Regressamos muito à autobiografia de Luis Buñuel, O Meu Último Suspiro, um tratado das tropelias da criatividade de grupo, e dos limites da vida e do espectáculo, ou entre ambos. Teve uma edição portuguesa, que hoje se perderia entre novelas de mulheres árabes sofredoras, folhetos de auto-ajuda com receitas místicas e dietéticas, manuais de assassínio comercial e romances portugueses no mau sentido dos dois termos.

Temos falado pouco de teatro. Mas a melhor maneira de falar dele é cada vez mais não falar muito.

«… Quanto a La Mort En Ce Jardin, recordo-me sobretudo de problemas dramáticos em relação ao argumento, o que é a pior das coisas. Não conseguia resolvê-los. Muitas vezes, levantava-me às duas horas da manhã para escrever, durante a noite, as cenas que entregava a Gabriel Arout para que ele me pudesse corrigir o francês. Tinha de rodar essas mesmas cenas no próprio dia. Raymond Queneau veio passar quinze dias ao México para tentar, em vão, ajudar-me a sair desta alhada. Recordo ainda o seu humor, a sua delicadeza. Ele nunca dizia: «Não gosto disto, não é bom», mas fazia sempre começar as suas frases por um: «Pergunto-me se…»
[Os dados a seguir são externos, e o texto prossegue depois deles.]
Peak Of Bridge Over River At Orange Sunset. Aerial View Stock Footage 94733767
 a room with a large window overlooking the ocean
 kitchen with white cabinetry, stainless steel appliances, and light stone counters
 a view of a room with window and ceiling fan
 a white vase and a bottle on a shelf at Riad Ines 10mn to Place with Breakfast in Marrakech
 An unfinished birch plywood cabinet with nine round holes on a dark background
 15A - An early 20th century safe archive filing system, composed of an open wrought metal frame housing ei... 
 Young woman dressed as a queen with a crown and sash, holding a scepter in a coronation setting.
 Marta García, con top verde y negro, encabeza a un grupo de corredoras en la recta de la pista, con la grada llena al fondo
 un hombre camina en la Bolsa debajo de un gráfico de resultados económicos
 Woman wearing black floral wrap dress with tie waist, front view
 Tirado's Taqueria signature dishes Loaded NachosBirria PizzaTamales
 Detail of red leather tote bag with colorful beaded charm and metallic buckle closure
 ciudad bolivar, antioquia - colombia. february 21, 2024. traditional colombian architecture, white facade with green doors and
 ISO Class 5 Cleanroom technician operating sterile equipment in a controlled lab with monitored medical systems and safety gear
Ele foi o autor de uma descoberta engenhosa. Simone Signoret, no papel de uma prostituta que vive numa pequena cidade mineira onde já tinham ocorrido distúrbios, está a fazer as suas compras numa mercearia. Compra sardinhas, agulhas, diversos produtos de que precisa, e, depois, pede um sabão. Nesse momento, ouvem-se os toques de corneta dos soldados que vinham restabelecer a ordem na cidade. Ela muda de repente de opinião e pede cinco sabões.

Infelizmente, por razões que já não me recordo, esta curta cena de Queneau não pôde figurar no filme.

Julgo que Simone Signoret não tinha qualquer desejo de fazer La Mort En Ce Jardin, preferindo ficar em Roma com Yves Montand. Tendo de passar por Nova Iorque a caminho do México, ela introduziu ostensivamente no seu passaporte documentos comunistas, ou soviéticos, na esperança de que as autoridades americanas a mandassem para trás – no entanto, deixaram-na passar sem qualquer comentário.

Como se mostrou bastante turbulenta durante a rodagem do filme, distraindo os outros actores, um dia pedi ao chefe maquinista que pegasse numa fita métrica, medisse uma distância de cem metros a partir da máquina de filmar e instalasse a esta distância os lugares dos actores franceses.

Em contrapartida, graças a La Mort En Ce Jardin conheci Michel Piccoli, que se tornou um dos meus melhores amigos. Fizemos cinco ou seis filmes juntos. Gosto do seu sentido de humor, da sua generosidade secreta, do seu grão de loucura e do respeito que nunca me tem.»